* [PROBLEM STATEMENT]:
Would you print the listing that follows exactly, but without its pictures?
Top of THE DATA
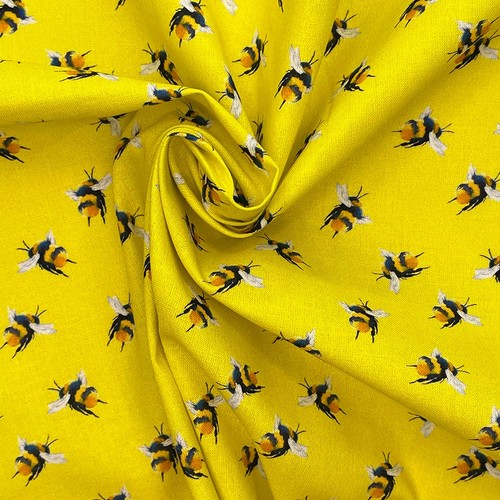 Premium cotton bee fabric - bee's,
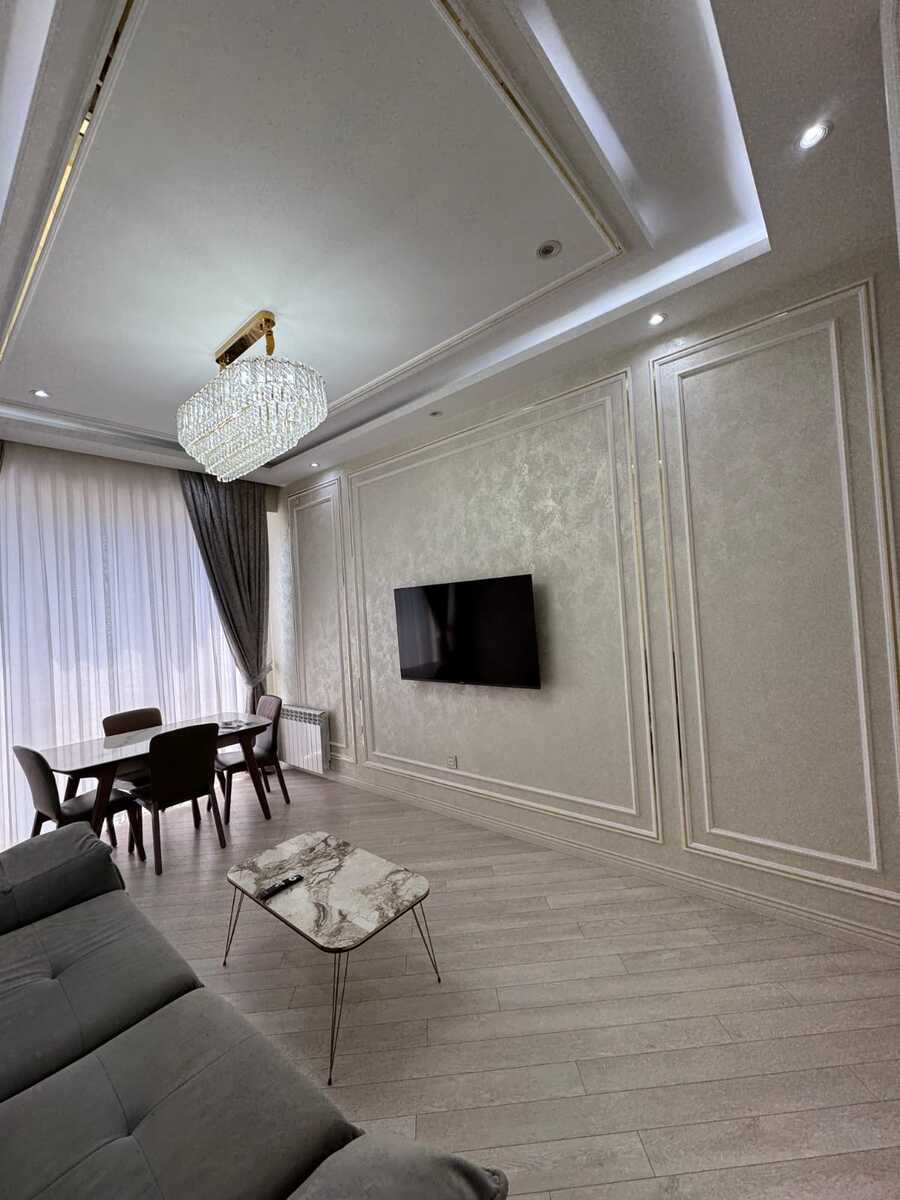 İcarəyə verilir 2 otaqlı yeni tikili 70 m² — Mənzil, Bakı (3)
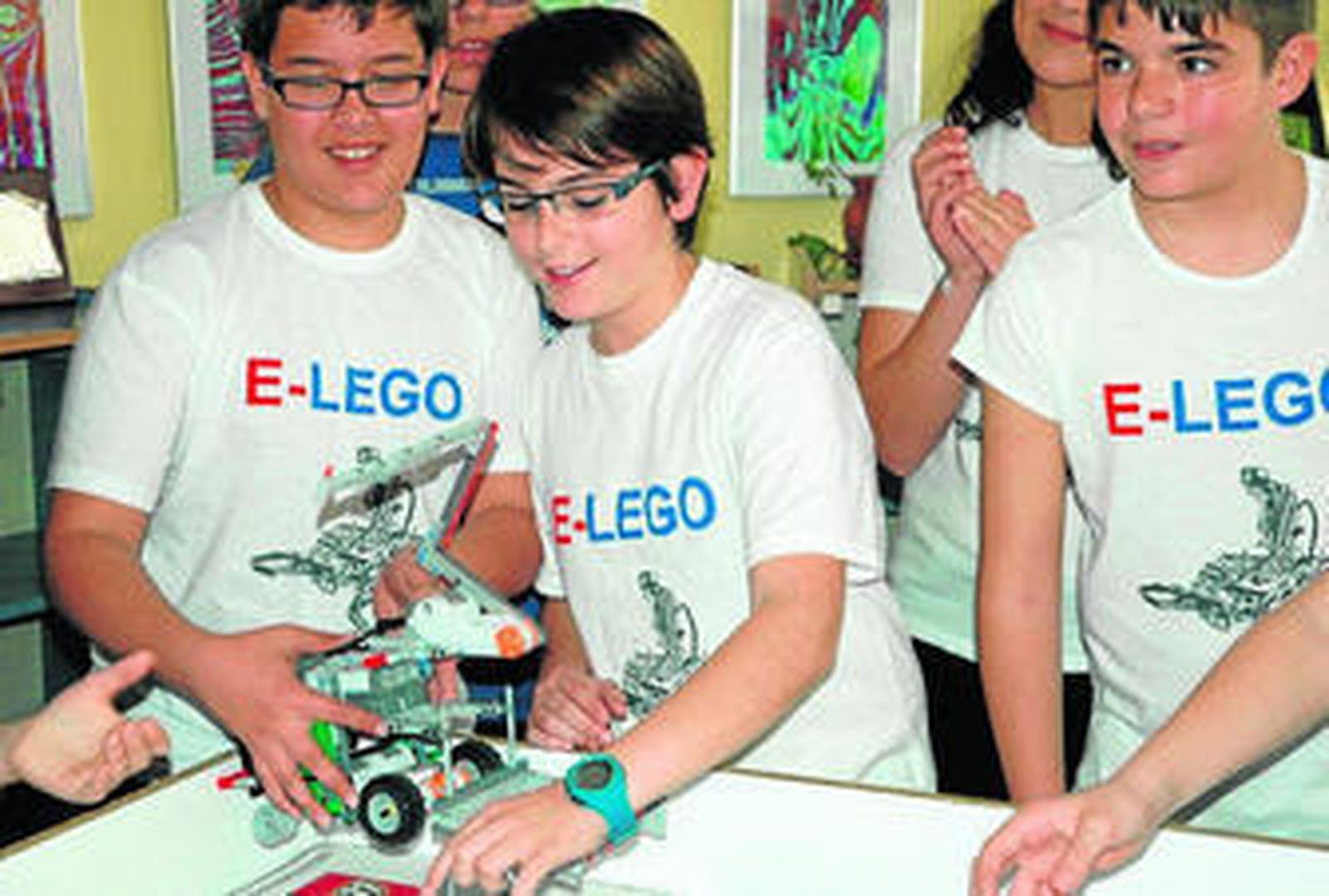 Uno de los equipos participantes en el torneo.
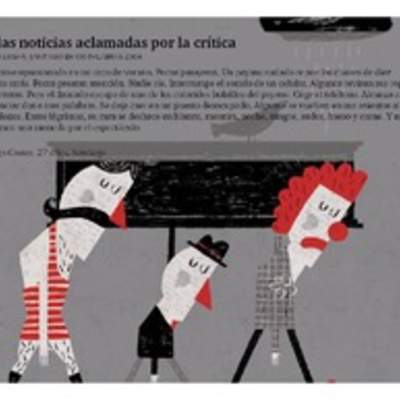 Malas noticias aclamadas por la crítica Malas noticias aclamadas por la crítica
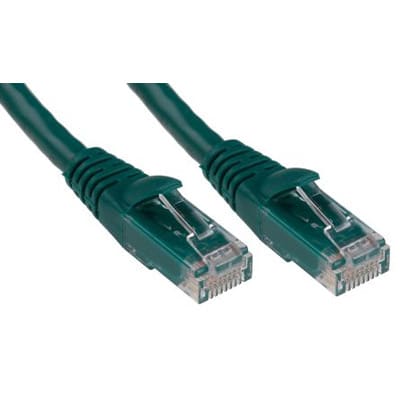 RS PRO Cat6 Male RJ45 to Male RJ45 Ethernet Cable, S/FTP, Blue PVC Sheath,  10m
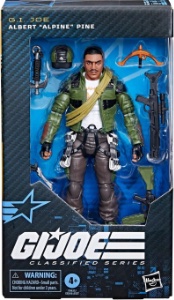 Albert Alpine Pine action figure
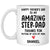 Personalized To Amazing Step Dad, Bonus Dad Father's Day Mug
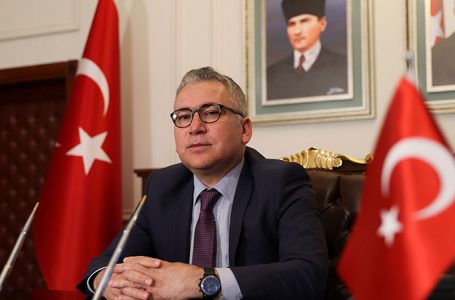 Vali Şimşek; Kurban Bayramı’nda Barış ve Huzur Temenni ediyorum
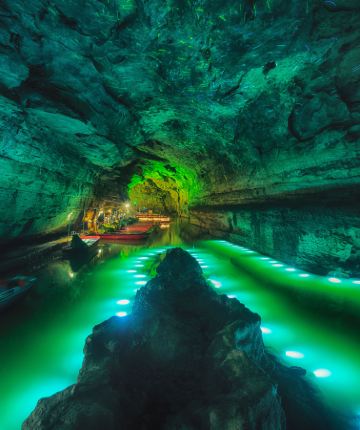 3D2N•Zhangjiajie National Forest Park + Huanglong Cave + Zhangjiajie Grand Canyon (Glass Bridge) + Tianmen Mountain National Forest Park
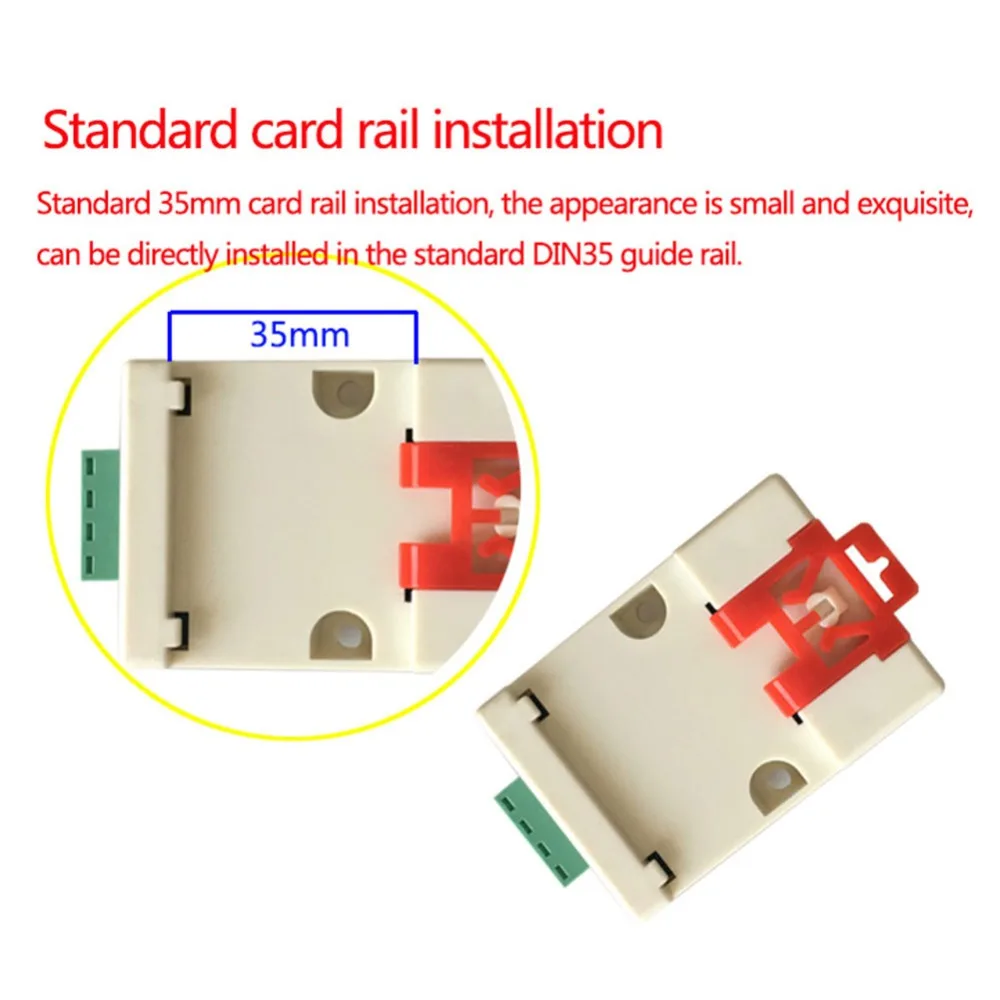Useful Temperature and humidity transmitter Serial Communica temperature Sensors SHT20 Modbus RTU Acquisition Module Transducer | Дом и сад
Bottom of THE DATA
* [EXPECTED OUTPUT]:
 Premium cotton bee fabric - bee's,
 İcarəyə verilir 2 otaqlı yeni tikili 70 m² — Mənzil, Bakı (3)
 Uno de los equipos participantes en el torneo.
 Malas noticias aclamadas por la crítica Malas noticias aclamadas por la crítica
 RS PRO Cat6 Male RJ45 to Male RJ45 Ethernet Cable, S/FTP, Blue PVC Sheath,  10m
 Albert Alpine Pine action figure
 Personalized To Amazing Step Dad, Bonus Dad Father's Day Mug
 Vali Şimşek; Kurban Bayramı’nda Barış ve Huzur Temenni ediyorum
 3D2N•Zhangjiajie National Forest Park + Huanglong Cave + Zhangjiajie Grand Canyon (Glass Bridge) + Tianmen Mountain National Forest Park
Useful Temperature and humidity transmitter Serial Communica temperature Sensors SHT20 Modbus RTU Acquisition Module Transducer | Дом и сад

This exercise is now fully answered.